High-Resolution Spectral UV Monitoring and Atmospheric Transfer Modeling in the Netherlands
During the past decade a decrease in stratospheric ozone has been observed over large parts of the globe. Stratospheric ozone is the primary absorber of solar UV-B and UV-C and serves as a partially-protective shield against harmful UV irradiance in the biosphere. Decreased levels of ozone appear to increase the levels of harmful UV-B (280–315 nm) in the biosphere, leading to a variety of adverse effects on human health and on aquatic and terrestrial ecosystems. Changes in other atmospheric parameters, like aerosol content, cloud cover, and tropospheric ozone could also influence UV-B irradiance at ground level. High resolution spectral monitoring data are necessary to detect the present biologically-effective UV irradiance and to investigate the possible trends in effective UV. The advantage of spectral measurements is that the data can be used for evaluations with various biological action spectra.

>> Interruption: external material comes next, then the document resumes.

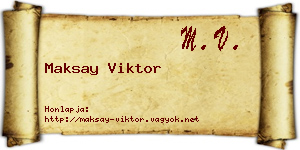 Maksay Viktor névjegykártya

A project was started in the Netherlands to gain knowledge of the present biologically-relevant UV climate and its dependence on atmospheric conditions. The measurements will be used to validate atmospheric UV transfer models; long-term monitoring should provide information on trends in the biologically-relevant UV. To meet these aims, a UV spectrometer system consisting of a highly accurate scanning double monochromator especially for the biologically-relevant UV-B region with a focal length of 50 cm, grating with 24001/mm, linear dispersion 0.375 nm/mm, and a multichannel detection system (diode array) for UV-A radiation measurements. Spectral coverage of the combined system ranges from 290–450 nm. UV monitoring needs will be outlined from the perspective of effect evaluations; preliminary results from the RIVM measurement system will be shown and the necessary international collaboration will be discussed.